O advento da Lei nº 10.444/2002 modificou o modelo liebmaniano que existia anteriormente. Ressalvado o caso das obrigações pecuniárias, em que ainda prevalece o binômio processo de cognição – processo de execução, a prolatação de uma sentença condenatória (fazer, não fazer, entregar coisa diversa de dinheiro) não é mais capaz de exaurir o processo. A execução passa a funcionar como complemento do processo, que já não é propriamente cognitivo ou executivo, mas um processo misto, em que as duas atividades se fundem.

O processo de execução não pode ser um instrumento de favorecimento do devedor inadimplente. As regras da execução de quantia pecuniária oferecem meios para o executado furtar-se à constrição judicial, inviabilizando o atendimento da pretensão do exeqüente.

É muito difícil para o advogado convencer seu cliente da necessidade de, mesmo após a sentença que condena o devedor e depois do tribunal tê-la confirmado, proceder-se à nova citação do vencido, com todas as circunstâncias que envolvem esse ato processual. Ademais, superado o longo trâmite do processo de conhecimento, o profissional do direito terá de explicar ainda, que o executado poderá embargar ou suspender a execução, na maioria das situações, com intuito nitidamente protelatório.

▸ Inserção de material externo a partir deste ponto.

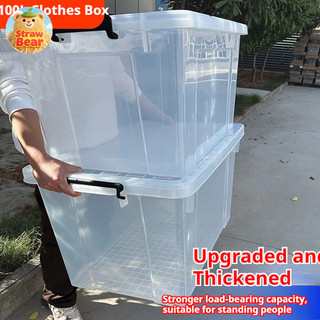 Transparent Storage Box  For Clothes Stackable Large Capacity Toys Organizer Box With Lid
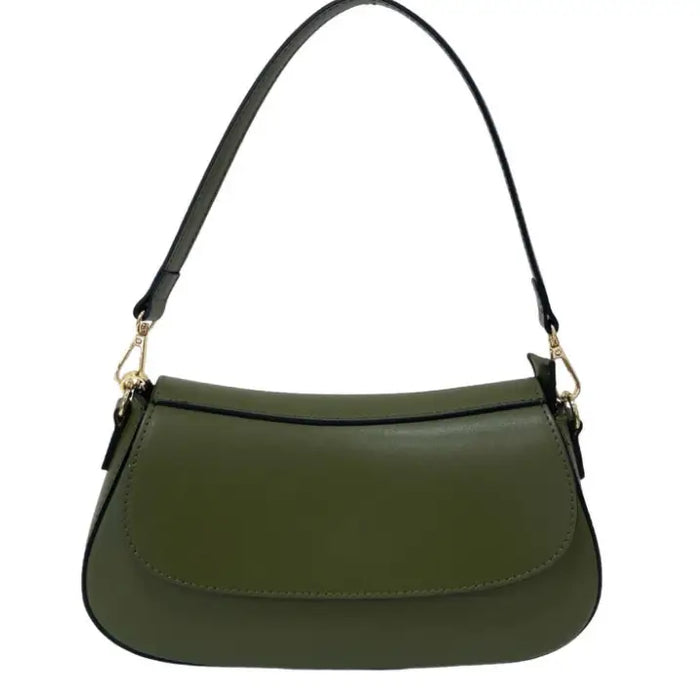 NEW! ITBAOL ITALIAN STYLISH OLIVE LEATHER SATCHEL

Tais imperfeições do sistema, fizeram surgir propostas de alteração do procedimento de execução de sentença que condena o devedor ao pagamento de quantia certa. O Instituto Brasileiro de Direito Processual, do qual faz parte seleto grupo de processualistas, elaborou anteprojeto de lei visando à realização de alterações na execução de pecúnia, de forma a adequar o procedimento à realidade da vida.

Vale reproduzir as palavras de Athos Gusmão CARNEIRO e de Sálvio Figueiredo TEIXEIRA, autores da exposição de motivos do anteprojeto referido:

A ‘efetivação’ forçada da sentença condenatória será feita como etapa final do processo de conhecimento, após um tempus indicati, sem necessidade de um ‘processo autônomo’ de execução (afastam-se princípios teóricos em homenagem à eficiência e brevidade); processo ‘sincrético’, no dizer de autorizado processualista.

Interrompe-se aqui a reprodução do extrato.